Brief descriptive captions
━━━━━━━━

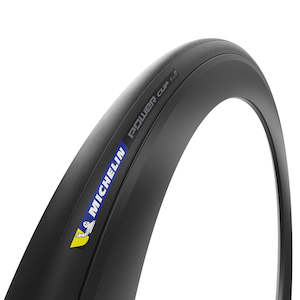 Bicycle and accessory: MICHELIN Power Cup TLR Competition Line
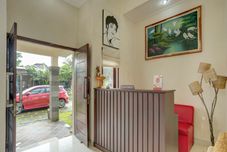 Lobby OYO 3835 Spice Paradise Hotel And Restaurant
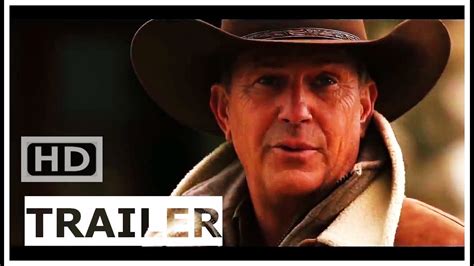 kevin costner western movie 2020 - Hanh Neely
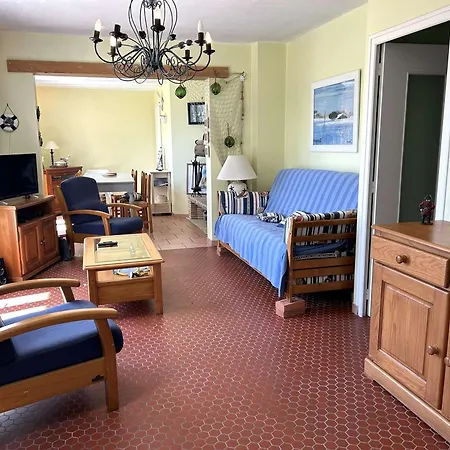 Prázdninový dům Maison Independante 6 Pers. Avec Terrasse, Barbecue Et Parking, A 6 Km De La - Fr-1-224a-67 LʼAiguillon-sur-Vie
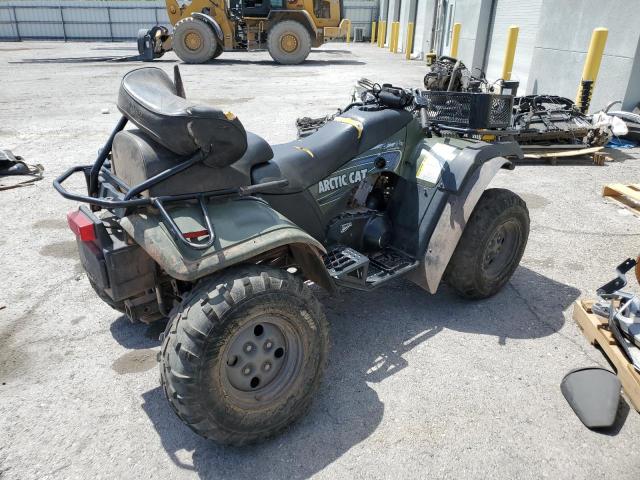 2003 ATV ARCTIC CAT 4UF03ATV23T251229
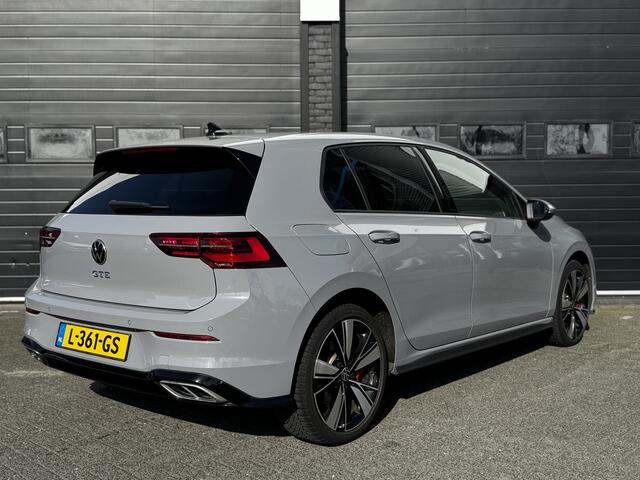 Volkswagen GOLF 1.4 eHybrid 245PK GTE | IQ Led | ACC | Carplay | Keyless | ¤23.900,- incl. BTW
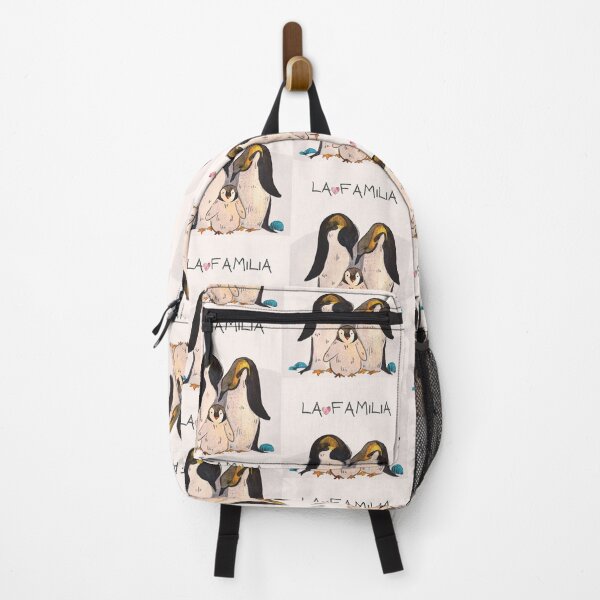 Item preview, The Penguin Family designed and sold by Thedigital91.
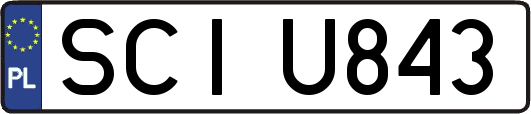 SCIU843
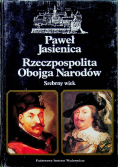 Rzeczpospolita Obojga Narodów Srebrny WIek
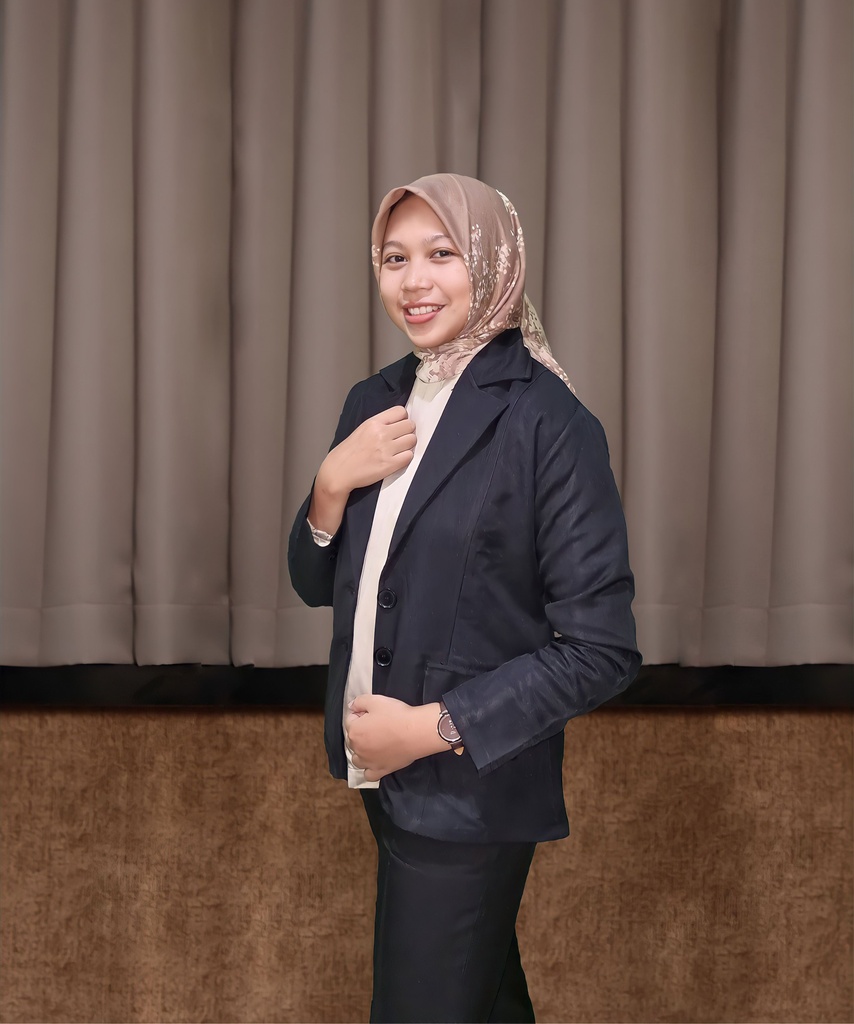 Lingga Srianjani Kusworo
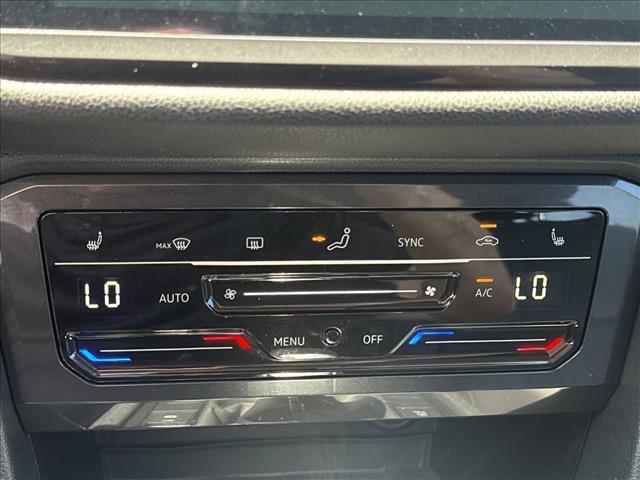 used 2022 Volkswagen Tiguan car, priced at $22,449
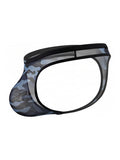 Pikante Men's Underwear PIK 26120 Hexa Thongs Color Multi-colored
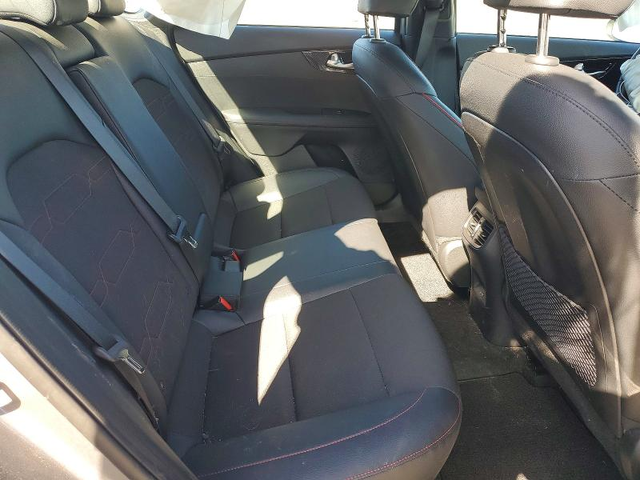 Kia Forte 1.6L 4 FRONT WHEEL DRIVE - автомобили, коли, обяви за нови и употребявани 10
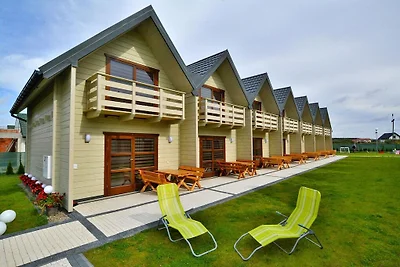 Casa vacanze a Grzybowo
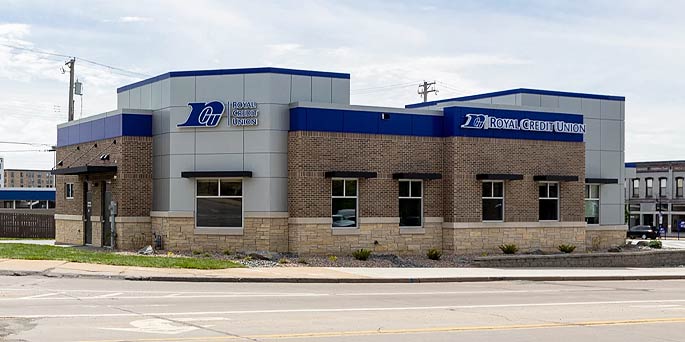 Eau Claire Downtown Office image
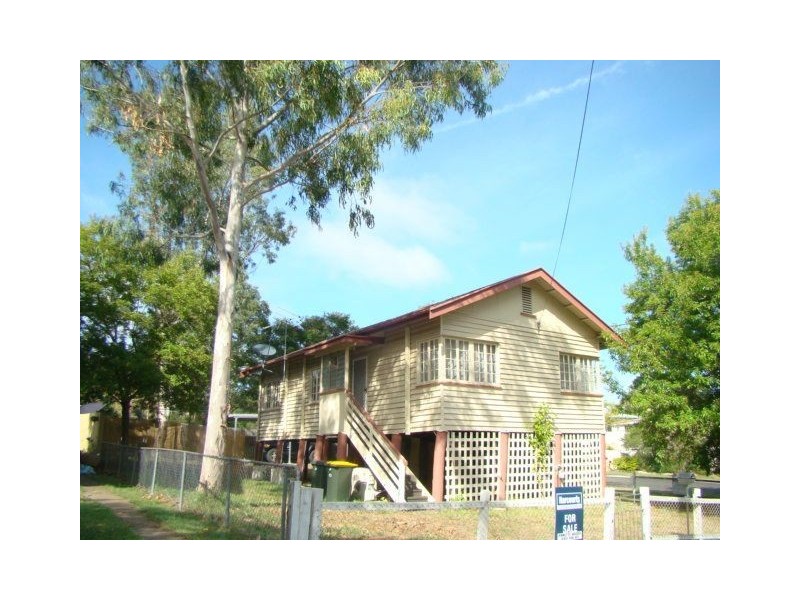 49 McKelligett Street, Wandal QLD 4700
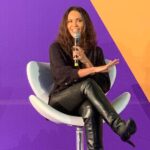 Lesley Ann Brandt entrou detalhes de Lucifer na CCXP 19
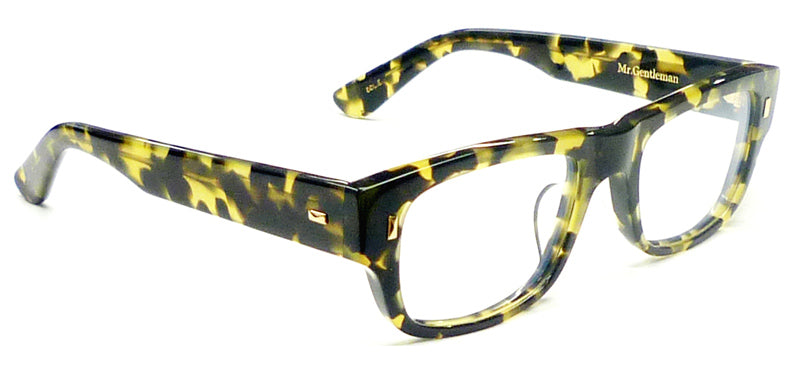 Mr.Gentleman ミスタージェントルマン DELON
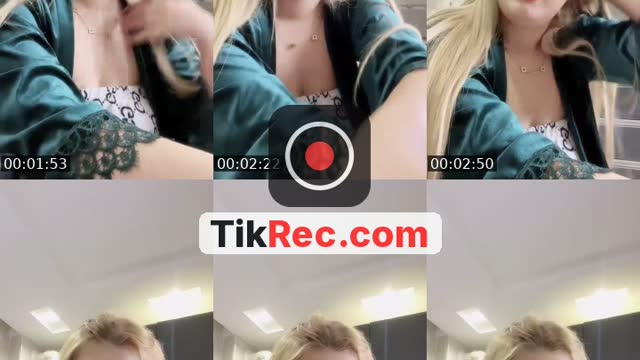 @_kameush_ TikTok live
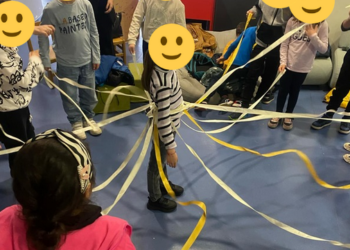 Ξεκίνημα Δράσεων Εβδομάδας Παιδικού Βιβλίου στην Κοβεντάρειο Δημοτική Βιβλιοθήκη Κοζάνης (Φωτογραφίες)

━━━━━━━━

** YOUR INSTRUCTIONS **
Nothing but the lines from the line containing "Kia Forte 1.6L" through the end of the data, both ends included, is to be reproduced, exactly as written and without the pictures.

** ANSWER FOR THIS EXERCISE **
 Kia Forte 1.6L 4 FRONT WHEEL DRIVE - автомобили, коли, обяви за нови и употребявани 10
 Casa vacanze a Grzybowo
 Eau Claire Downtown Office image
 49 McKelligett Street, Wandal QLD 4700
 Lesley Ann Brandt entrou detalhes de Lucifer na CCXP 19
 Mr.Gentleman ミスタージェントルマン DELON
 @_kameush_ TikTok live
 Ξεκίνημα Δράσεων Εβδομάδας Παιδικού Βιβλίου στην Κοβεντάρειο Δημοτική Βιβλιοθήκη Κοζάνης (Φωτογραφίες)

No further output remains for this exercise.